1603 Treasury Program
Just as the solar industry was beginning to significantly expand across United States, economic downturn in 2008 significantly reduced the supply of capital available for renewable energy investments. SEIA continues to support the 1603 Treasury Program, which provides additional liquidity in the marketplace by allowing solar project developers to more easily monetize existing tax incentives through 2016.
- The 1603 Treasury Program is a technology-neutral finance mechanism that allows solar and other renewable energy project developers to receive a direct federal grant in lieu of the Section 48 Investment Tax Credit (ITC).
- As of December 2013, the Treasury Department had awarded more than 9,000 grants totaling $18.5 billion, $4.4 billion of which went to solar projects.
- A preliminary analysis by the National Renewable Energy Laboratory's (NREL) conservatively estimated that the 1603 Program has supported an average of 52,000 to 75,000 jobs over the period analyzed.
What is the 1603 Treasury Program?
The 1603 Treasury Program is a technology-neutral finance mechanism that allows solar and other renewable energy project developers to receive a direct federal grant in lieu of the Section 48 Investment Tax Credit (ITC). This modification allows taxpayers and small businesses to maximize the return and value of existing tax incentives. The program provides access to needed capital and streamlines project financing transaction costs for project developers.
The 1603 Treasury Program has been a proven success and given taxpayers a good return on investment. Since its enactment, the National Renewable Energy Laboratory's (NREL) preliminary analysis conservatively estimated that the 1603 Program supported an average of 52,000 to 75,000 jobs over the period analyzed. The program has leveraged more than $30 billion in private sector investment for a wide range of energy technologies in all 50 states. As of September 2012, the 1603 Treasury Program awarded approximately 6,400 grants for more than 44,000 individual solar projects in all 50 states and has supported over $7.17 billion in private investment in the solar industry.
This 660 kW solar installation in Wisconsin was built between April 2010 and October 2011, making it eligible for the 1603 Treasury Program. Thousands of similar projects across the country benefitted from this successful program. (Photo credit: Patrick Shaw, courtesy of Convergence Energy & Helios Solar Works)
History of the 1603 Treasury Program
The 2008 economic downturn drastically reduced the availability of tax equity, severely limiting the financing available for renewable energy projects.
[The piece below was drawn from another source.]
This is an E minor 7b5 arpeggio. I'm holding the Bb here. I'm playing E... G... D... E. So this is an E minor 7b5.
The American Recovery and Reinvestment Act of 2009 (P.L. 111-5) created the 1603 Treasury Program, which allows the owner of commercial solar property to receive a grant equal to 30 percent of eligible project cost, in lieu of taking the Investment Tax Credit (ITC). Residential solar systems are also eligible if the system is owned by a third-party developer through a power purchase agreement (PPA) or lease. Applicants are eligible for a 1603 award only if they commenced construction on projects by December 31, 2011 and complete construction by December 31, 2016. A project may still be eligible for a 1603 award if the developer satisfied a five percent safe harbor by incurring five percent of the total eligible project costs before the December 2011 deadline.
On June 30, 2011, the U.S. Department of the Treasury published on the official 1603 Treasury Program website a guidance document entitled, "Evaluating Cost Basis for Solar Photovoltaic Properties." This document outlines the process used to evaluate the cost basis of solar property and the principles that guide this process.
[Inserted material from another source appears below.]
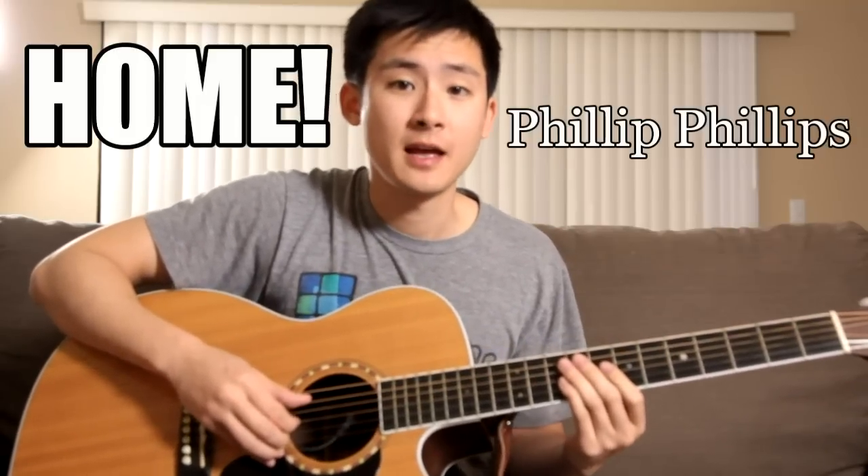Hey guys, Josh here for another Futorial for the song 'Home' by Philip Phillips. If you haven't done so yet, check out the cover right here.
On September 14, 2012, the White House Office of Management and Budget released a preliminary report on potential impacts of a budget sequestration that will cap federal spending in Fiscal Year 2013. Among the many programs identified by OMB, the report notes that award amounts issued by the 1603 Treasury Program may be reduced by 7.6%. For more information, read this SEIA fact sheet on the budget sequestration and implications for 1603 awards. Awards given between October 1, 2013 and September 31, 2014 may be reduced by 7.2%.
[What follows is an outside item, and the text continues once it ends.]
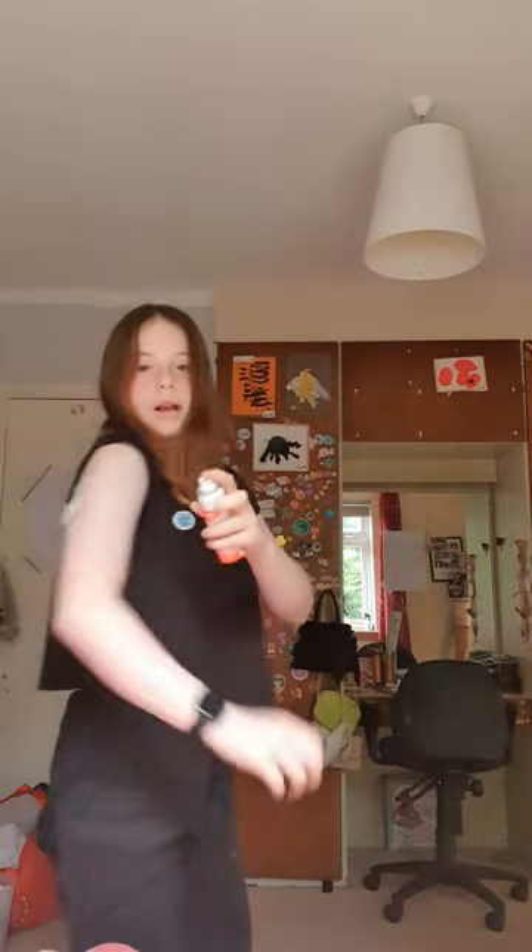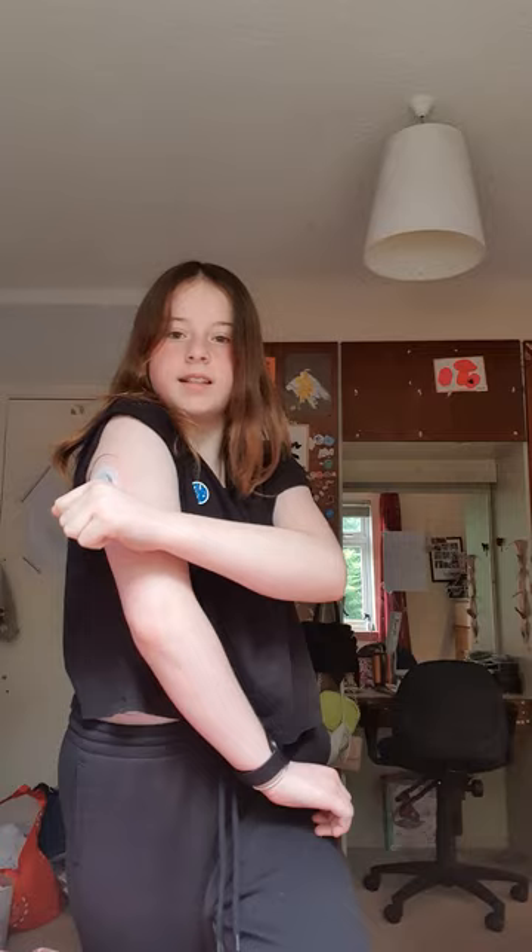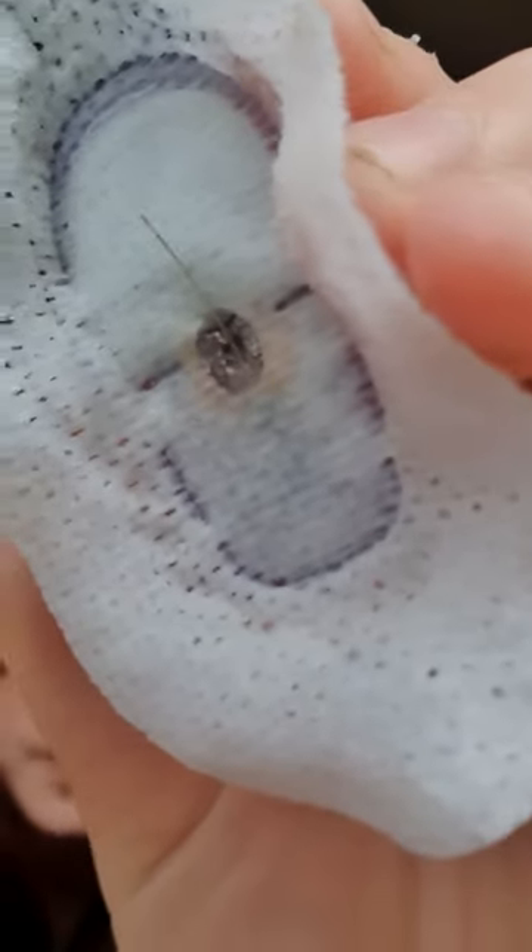Step one: I'll get my spray and go to my arm. So I sprayed it on and I'm ripping it off. As you can see it only ripped off the patch because it's done a really good job of protecting. So I'll spray it again. Do you see that brown stuff? That's dried up blood.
Why is the 1603 Treasury Program Important?
Tax incentives for renewable energy projects have achieved worthwhile economic and energy policy objectives. However, the weakened economy severely restricts the availability of the private sector tax equity that is typically used to finance energy projects. The 1603 Treasury Program was created to address this shortfall and facilitate financing for solar energy projects.
- The 1603 Treasury Program has been a resounding success. Despite a rough economy, the solar industry has experienced record growth due in large part to this important incentive. The program is also particularly helpful for small businesses that typically do not have the resources or scale to enter into complicated tax equity transactions, allowing them to monetize the underlying solar ITC.
- Cost-effective policy supports private-sector innovation and efficiency. The success of the multi-year ITC for solar energy projects exemplifies the importance of stable policy for the private sector and reveals a high return on public investment. The 1603 Treasury Program affected the timing of when ITCs can be utilized to address an immediate need for liquidity.